=== Try it ===
The line containing "GIỚI THIỆU CÔNG TY Prado Metal Show Room" and every line after it, through the end of the material: copy these exactly and nothing else, leaving pictures out.

=== Exercise materials ===
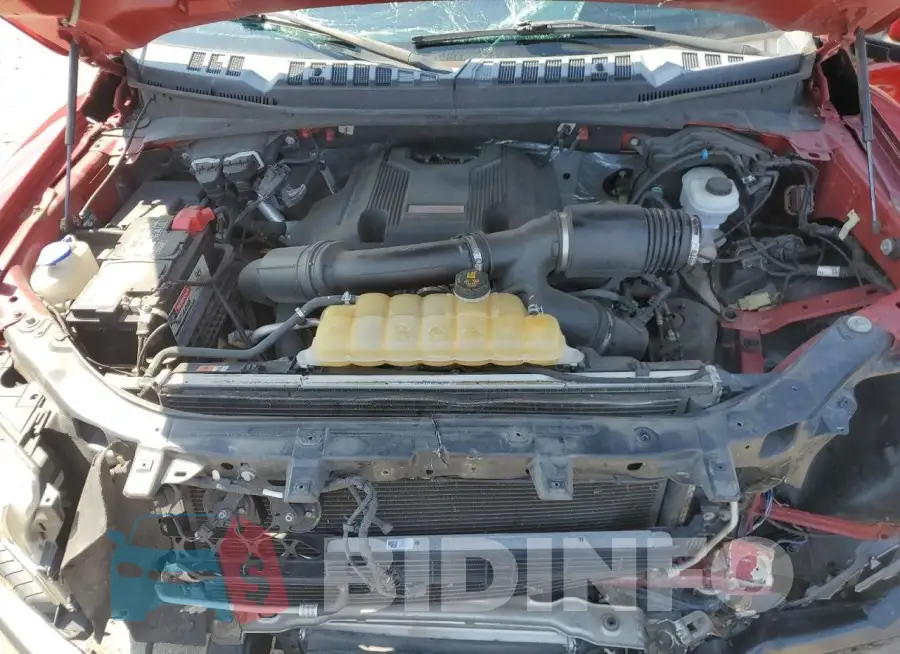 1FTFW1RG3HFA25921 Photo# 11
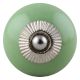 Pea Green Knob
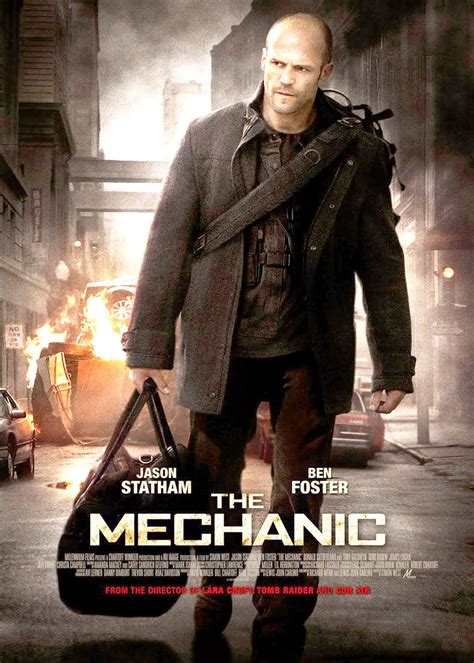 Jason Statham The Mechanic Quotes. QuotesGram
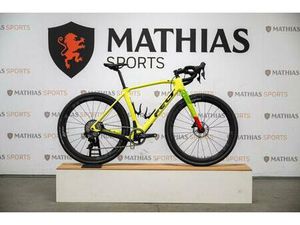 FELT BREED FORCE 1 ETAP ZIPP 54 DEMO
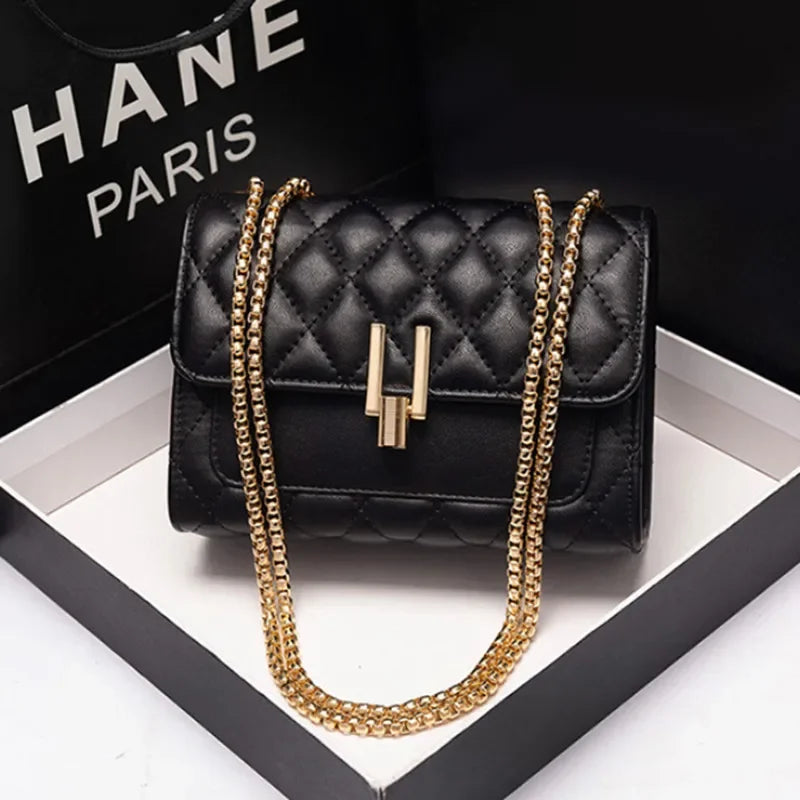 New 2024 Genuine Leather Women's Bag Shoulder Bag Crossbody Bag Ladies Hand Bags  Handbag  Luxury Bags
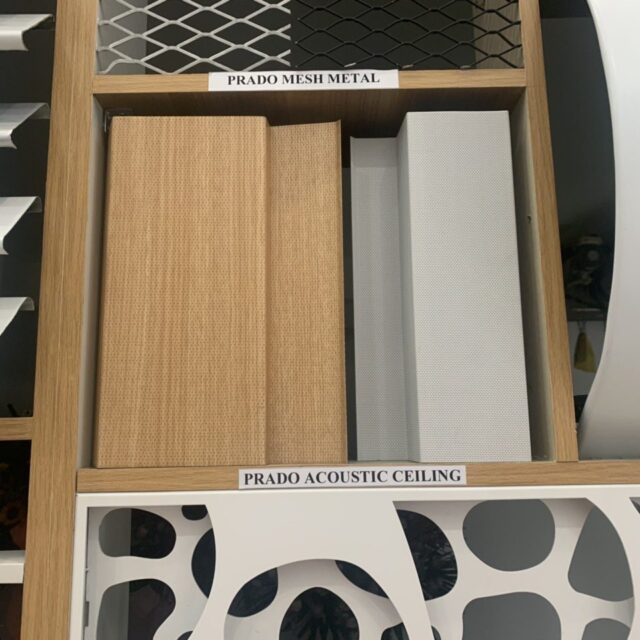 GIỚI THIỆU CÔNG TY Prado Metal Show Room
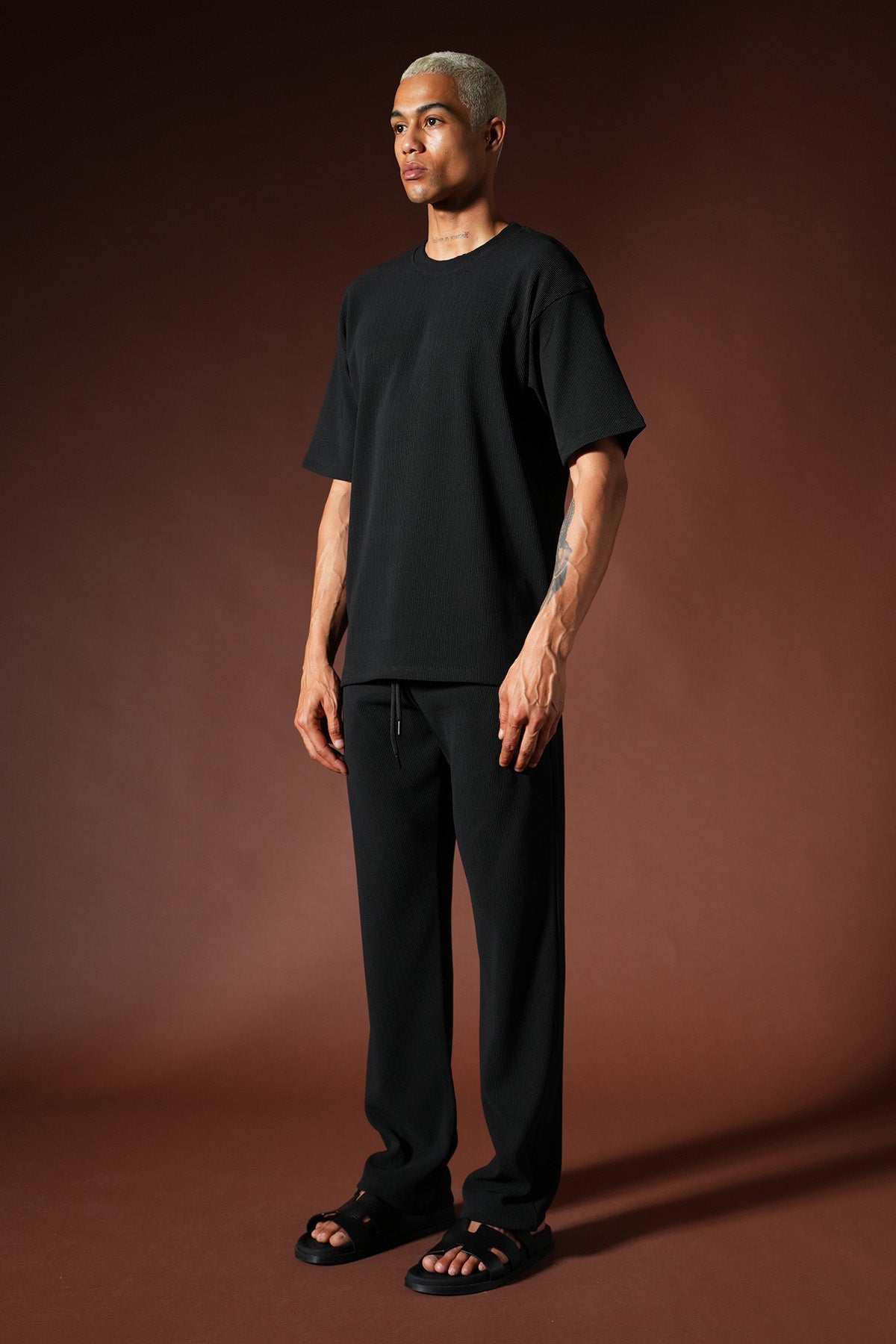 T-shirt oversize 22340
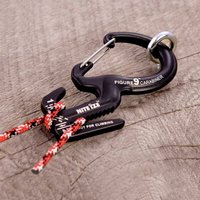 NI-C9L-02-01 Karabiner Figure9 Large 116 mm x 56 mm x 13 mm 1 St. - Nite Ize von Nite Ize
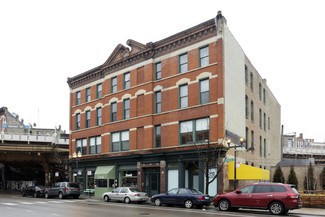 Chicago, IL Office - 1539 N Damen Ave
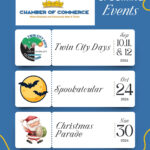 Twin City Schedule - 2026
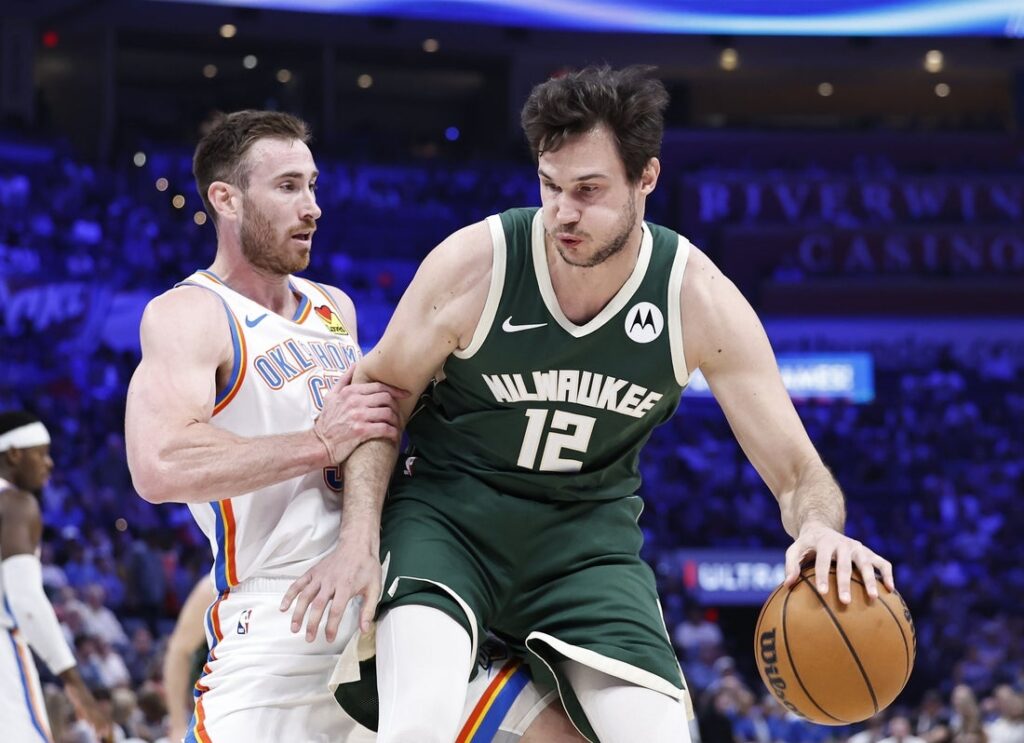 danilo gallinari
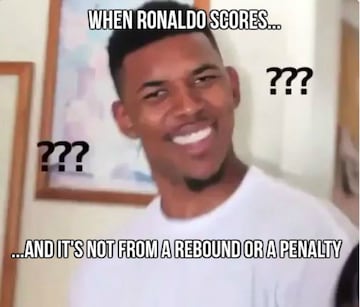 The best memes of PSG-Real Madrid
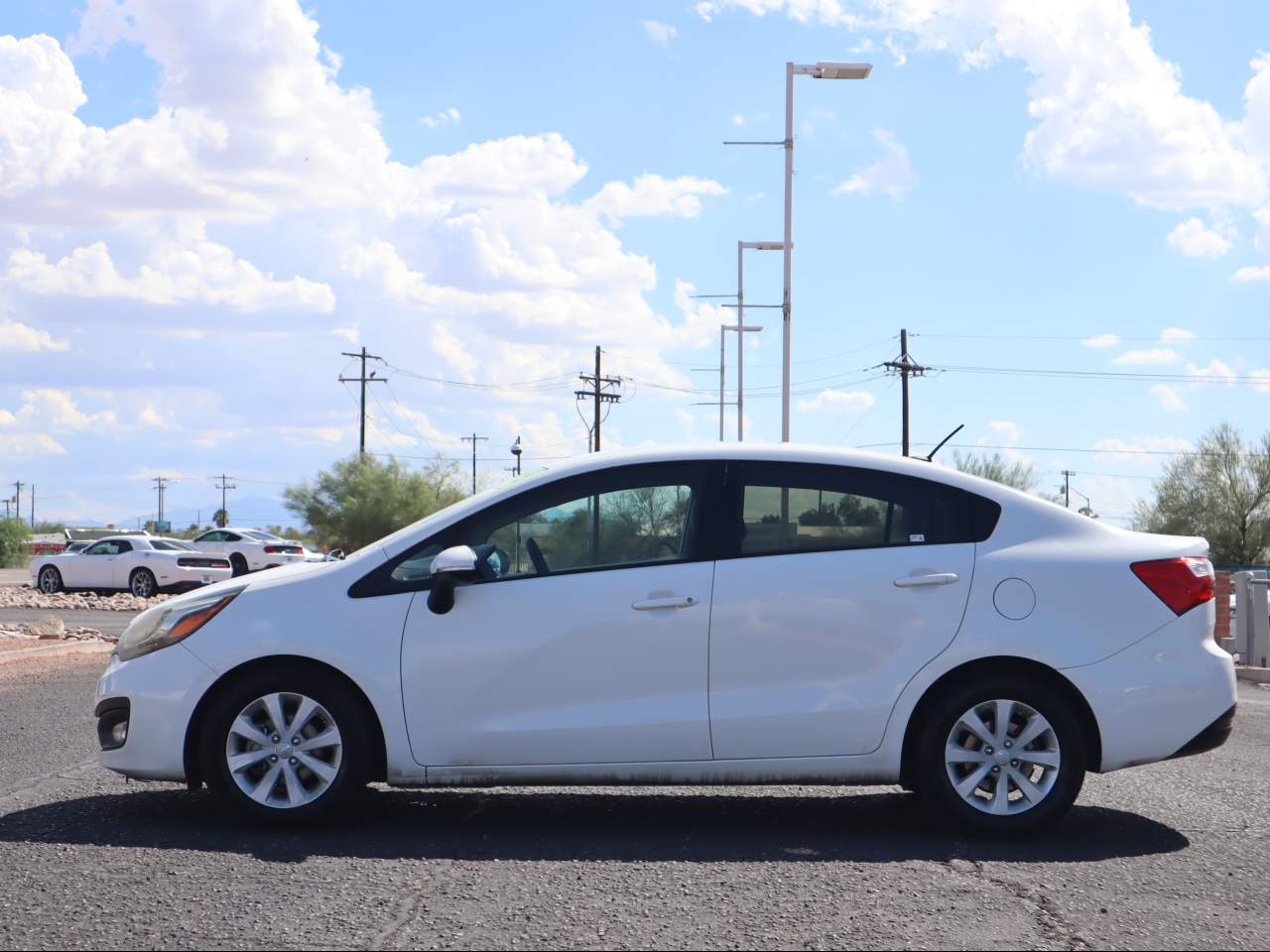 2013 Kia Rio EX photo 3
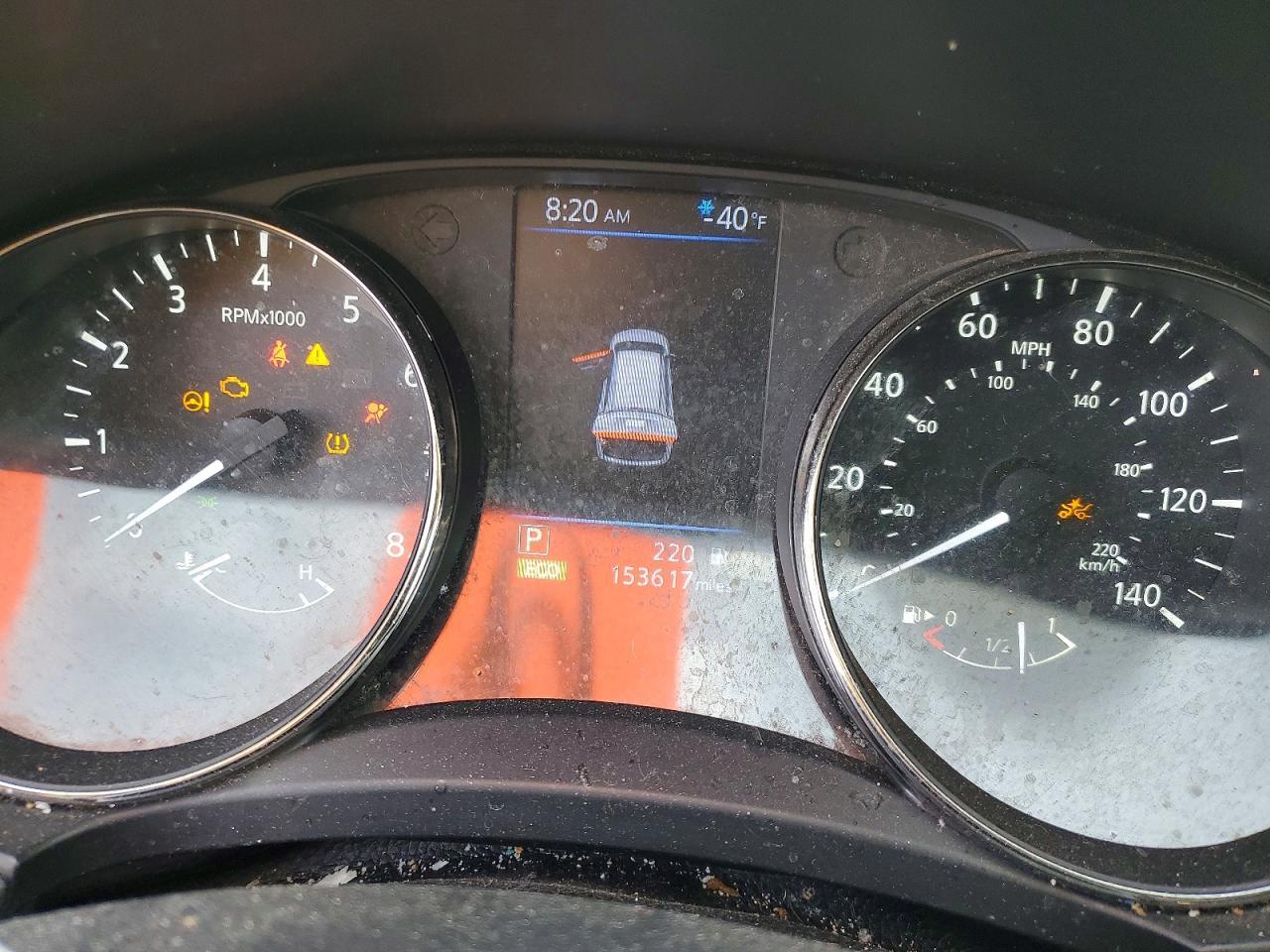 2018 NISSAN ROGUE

=== Answer section ===
 GIỚI THIỆU CÔNG TY Prado Metal Show Room
 T-shirt oversize 22340
 NI-C9L-02-01 Karabiner Figure9 Large 116 mm x 56 mm x 13 mm 1 St. - Nite Ize von Nite Ize
 Chicago, IL Office - 1539 N Damen Ave
 Twin City Schedule - 2026
 danilo gallinari
 The best memes of PSG-Real Madrid
 2013 Kia Rio EX photo 3
 2018 NISSAN ROGUE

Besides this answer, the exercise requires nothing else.